Dx(2sqrt(x)) + Dx(sqrt(y)) = Dx(5)

56. amistre64

x' (1/sqrt(x)) + y' (1/2sqrt(y)) = 0

57. amistre64

x' = dx/dx = 1 so we can ignore it.... or leave it in. solve for y'

58. amistre64

there is no f'(x)*f(x) + dy/dx...... your mixing notations and confusing yoursoef :)

59. anonymous

ok so it looks like you are just adding the dirivites inorder to solve this. am i hitting left field with that one?

60. amistre64

$\frac{dx}{dx}\frac{1}{\sqrt{x}} + \frac{dy}{dx}\frac{1}{2 \sqrt{y}} = 0$

61. amistre64

solve for dy/dx which is another notation for y'

62. anonymous

Alright i think i am getting it now.
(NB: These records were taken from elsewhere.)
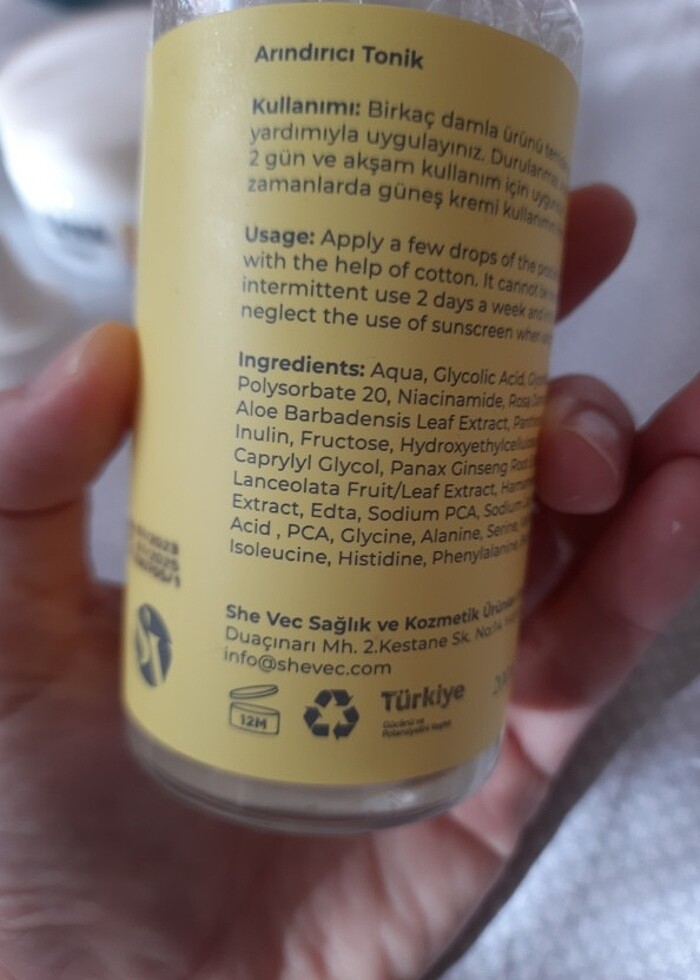 Tonik + kırışıklık karşıtı koruyucusu krem - Görsel 2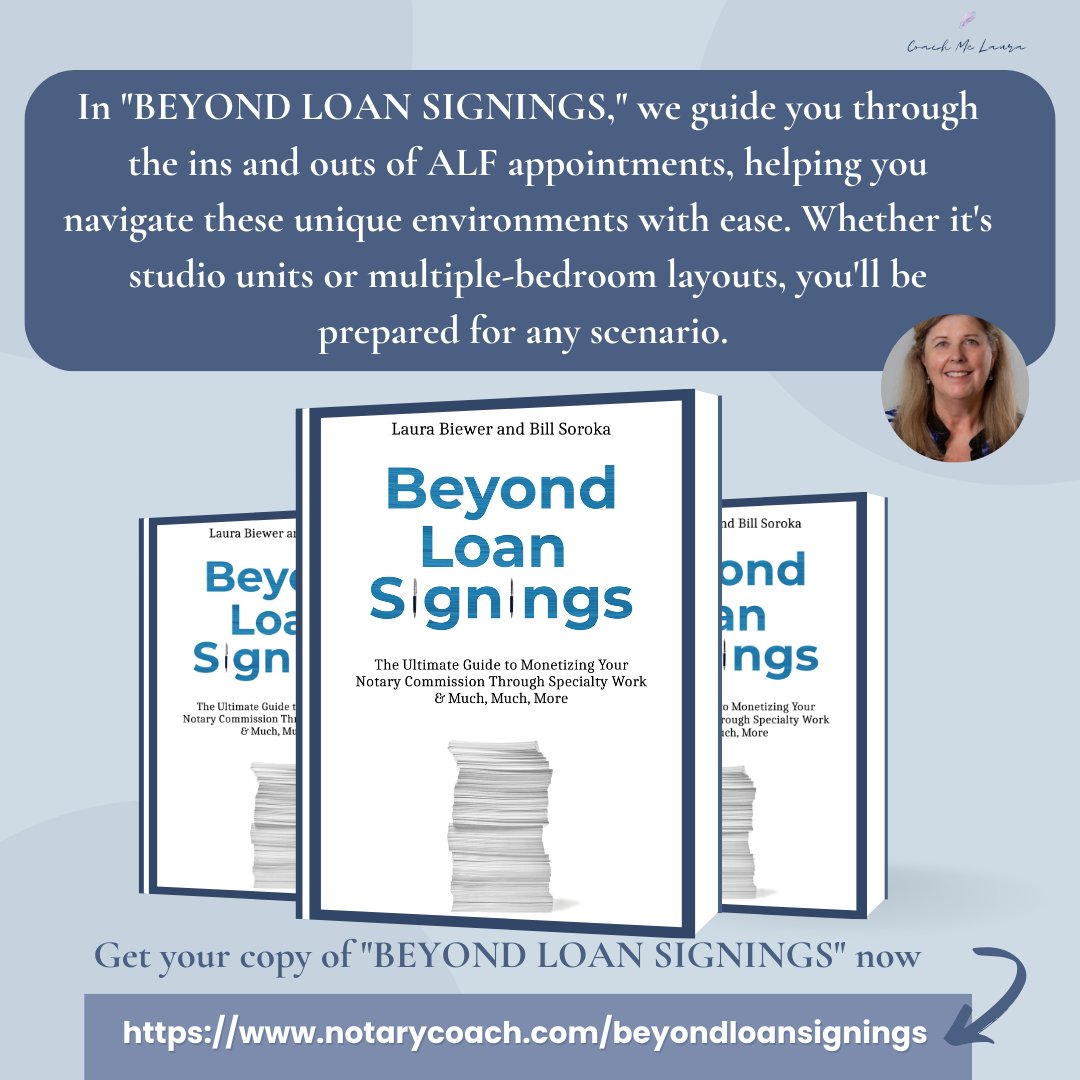 Grab your copy today and embark on a journey of insight and empowerment! Visit notarycoach.com/beyondloansign… #ALFAppointments #BeyondLoanSignings #EmpowerYourself #NotaryCoach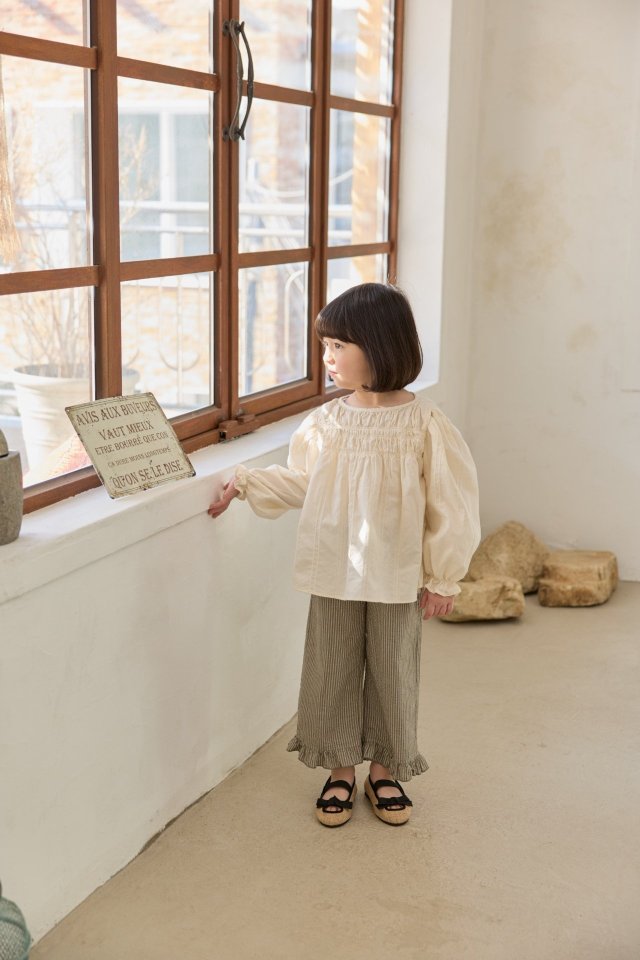 Stripe Frill Pants by Mon Atelier for Child - view 6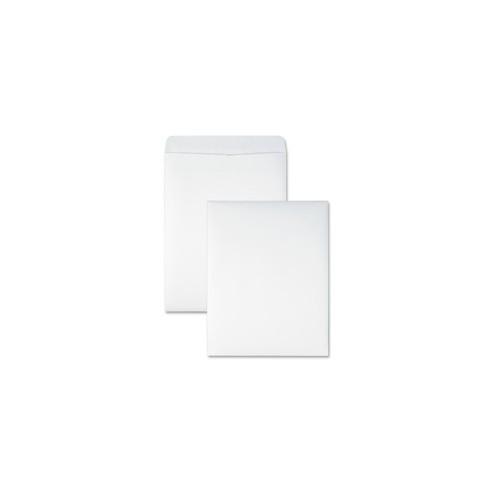 Quality Park Redi-Seal White Catalog Envelopes - Catalog - #13 1/2 - 10" Width x 13" Length - 28 lb - Self-sealing - 100 / Box - White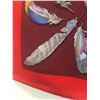 Image 6 : Hermes Vintage Plumes Silk Scarf c1950s in Red and Purple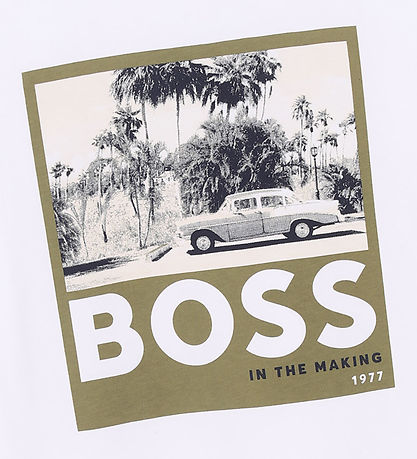 BOSS 티셔츠 - 흰색 포함 짙은 녹색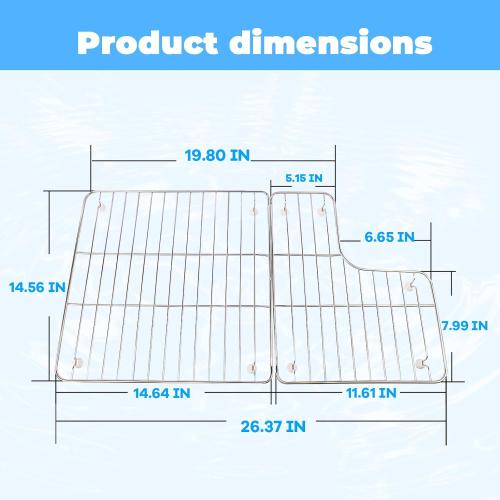 K-6449-ST Stainless Steel Sink Protector Grid (26.18'' x 14.76''), for Kohler 33 Inches 5827 and 5826 Sink
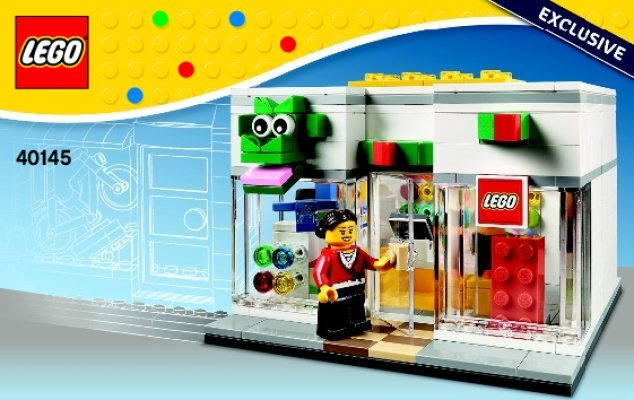 Notice / Instructions de Montage - LEGO - 40145 - LEGO® Store: Page 1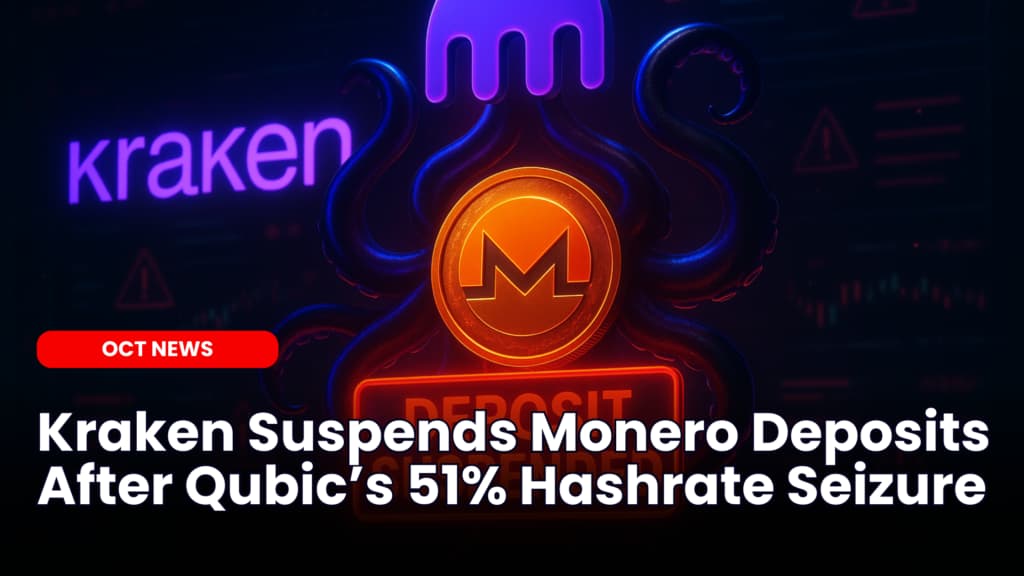 Kraken Suspends Monero Deposits After Qubic’s 51% Hashrate Seizure image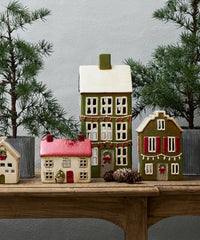 Alsace Tea Light Grande Chalet Christmas Green
Stock Code: YA0059
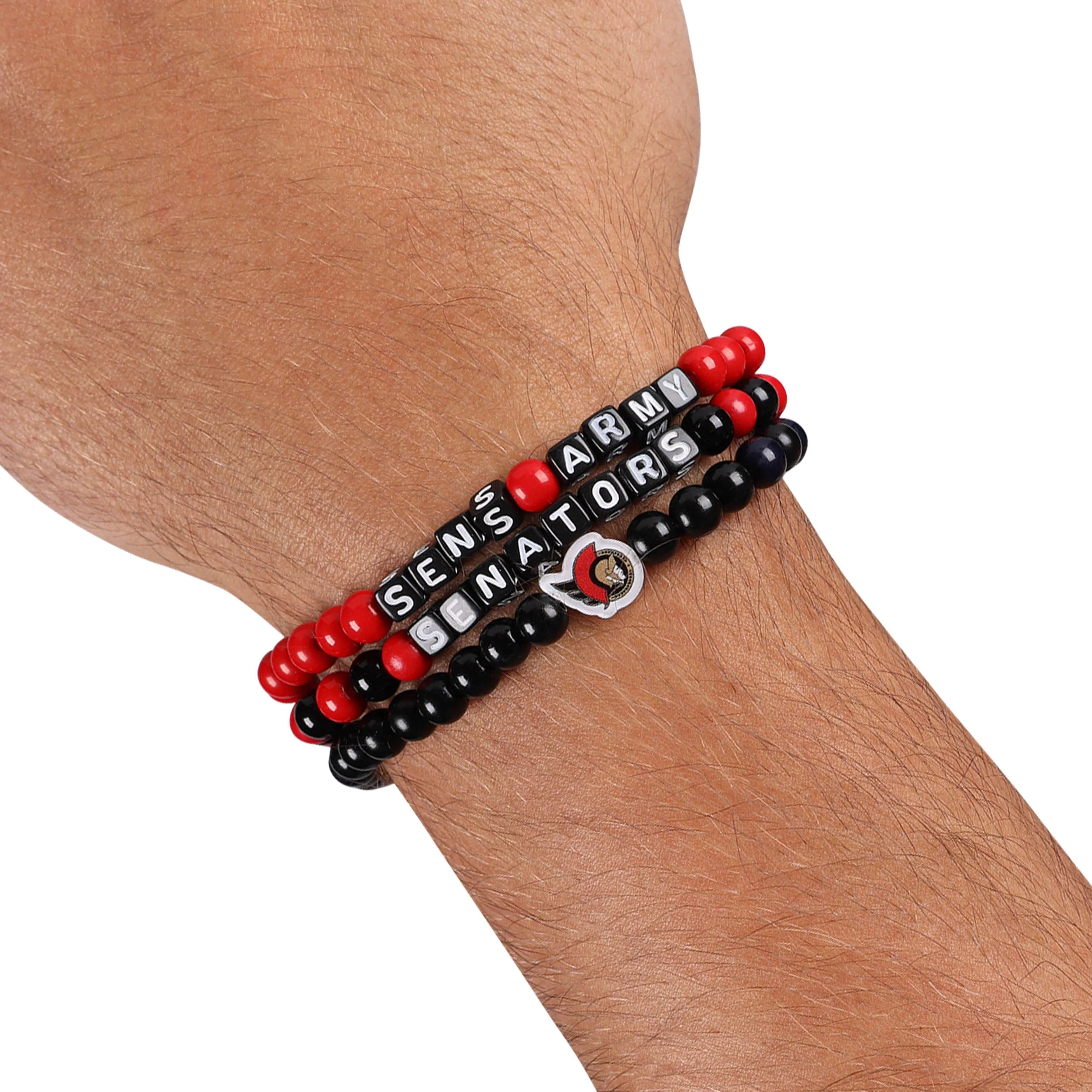 Ottawa Senators NHL 3 Pack Beaded Friendship Bracelet - Image 4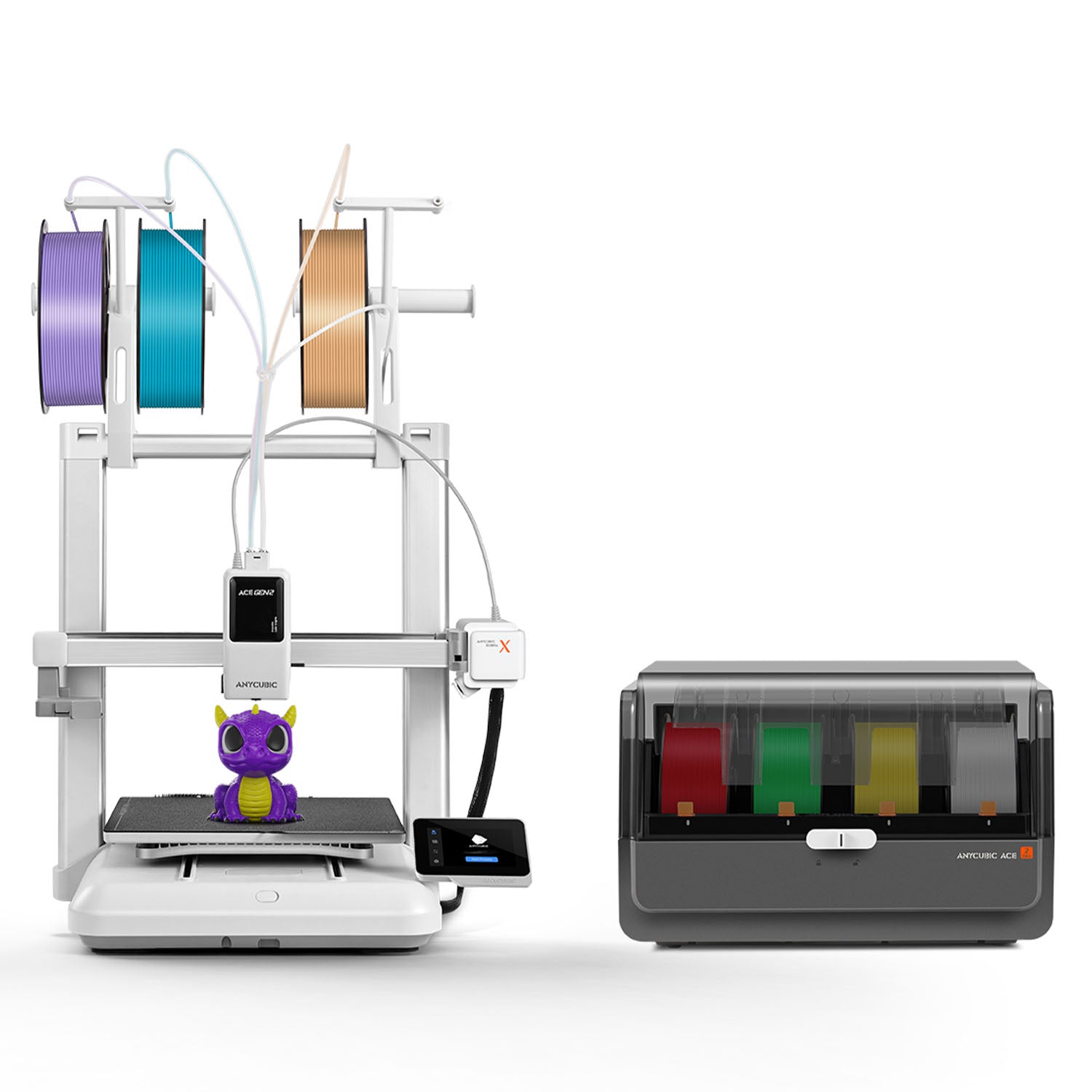 Impresora 3D Anycubic Kobra X Combo Volumen 260x260x260 mm — vista 3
Fantasitic answer as always thanks a ton

63. amistre64

if this was all in the variables for x youd hav eno problem finding the derivative :) because you were taught to throw out that dx/dx

64. anonymous

Yea i think i was reading into it more than it was really asking me to

65. amistre64

y^2 = 5x^2 + 6x +3

66. amistre64

$\frac{dy}{dx}2y = \frac{dx}{dx}10x + \frac{dx}{dx}6 +\frac{dx}{dx}0$

67. amistre64

y' 2y = 10x +6

68. amistre64

10x + 6 y' = --------- 2y

69. amistre64

its just deriving like normal; just keep the bit in that you were taught to throw out lol

70. anonymous

OH!!! so it's the change in y over the change in x

71. amistre64

yes :)

72. anonymous

i see what you did there

73. amistre64

no you see what youve always done there ;)

74. anonymous

Yea it almost seems like it would have been eaiser to start off with this way instead of having to go back and relearn it

75. amistre64

exactly; I dont know wy most of math is taught backwards, giving you exceptions to the rules instead of letting you learn the rules as they are.

76. anonymous

Well if they did things the easy way there would be a lot of math teachers out of a job.

77. amistre64

lol maybe :)

78. anonymous

Thanks for your time great explianition.

79. amistre64

its like: heres a shortcut way of shortcut say thats only going to be helpful for about 1% of the math that is going to be done; learn it, memorize it and then forget it later on when you realize that its useless lol

80. amistre64

youre welcome :)

81. anonymous

yea thats pretty much how my math career seems to have gone so far. It seems to me that it would be better to learn a process that works 100% of the time then go back and learn all the shortcuts that will speed up your calculation time on equations. However, i have always been warned "becareful what you wish for" that might open open a can of worms that shouldn't be touched.